(Scraped caption text data)

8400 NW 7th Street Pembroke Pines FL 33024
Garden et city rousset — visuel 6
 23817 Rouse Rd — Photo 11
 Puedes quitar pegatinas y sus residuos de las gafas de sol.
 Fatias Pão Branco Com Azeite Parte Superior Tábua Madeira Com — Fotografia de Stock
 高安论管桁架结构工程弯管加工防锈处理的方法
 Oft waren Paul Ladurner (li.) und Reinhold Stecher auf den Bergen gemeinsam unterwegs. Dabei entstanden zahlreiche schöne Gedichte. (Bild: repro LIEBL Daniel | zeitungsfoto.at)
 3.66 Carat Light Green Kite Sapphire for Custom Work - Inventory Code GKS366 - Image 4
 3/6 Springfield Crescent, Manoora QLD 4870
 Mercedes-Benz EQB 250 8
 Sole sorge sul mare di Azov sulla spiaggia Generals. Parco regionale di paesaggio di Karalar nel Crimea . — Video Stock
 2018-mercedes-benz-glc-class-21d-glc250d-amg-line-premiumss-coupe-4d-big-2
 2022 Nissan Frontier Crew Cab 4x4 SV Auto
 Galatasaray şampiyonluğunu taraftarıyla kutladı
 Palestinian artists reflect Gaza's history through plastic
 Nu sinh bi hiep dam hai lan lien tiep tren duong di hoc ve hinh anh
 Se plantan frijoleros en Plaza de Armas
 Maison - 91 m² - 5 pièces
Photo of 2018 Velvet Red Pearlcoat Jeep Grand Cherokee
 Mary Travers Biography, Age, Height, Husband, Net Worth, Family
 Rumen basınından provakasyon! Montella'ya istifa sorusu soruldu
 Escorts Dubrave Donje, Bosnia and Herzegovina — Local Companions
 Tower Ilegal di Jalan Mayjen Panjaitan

(Work order): Filter the entries down to the lines that include the string "Photo".

(Result of this exercise):
 23817 Rouse Rd — Photo 11
Photo of 2018 Velvet Red Pearlcoat Jeep Grand Cherokee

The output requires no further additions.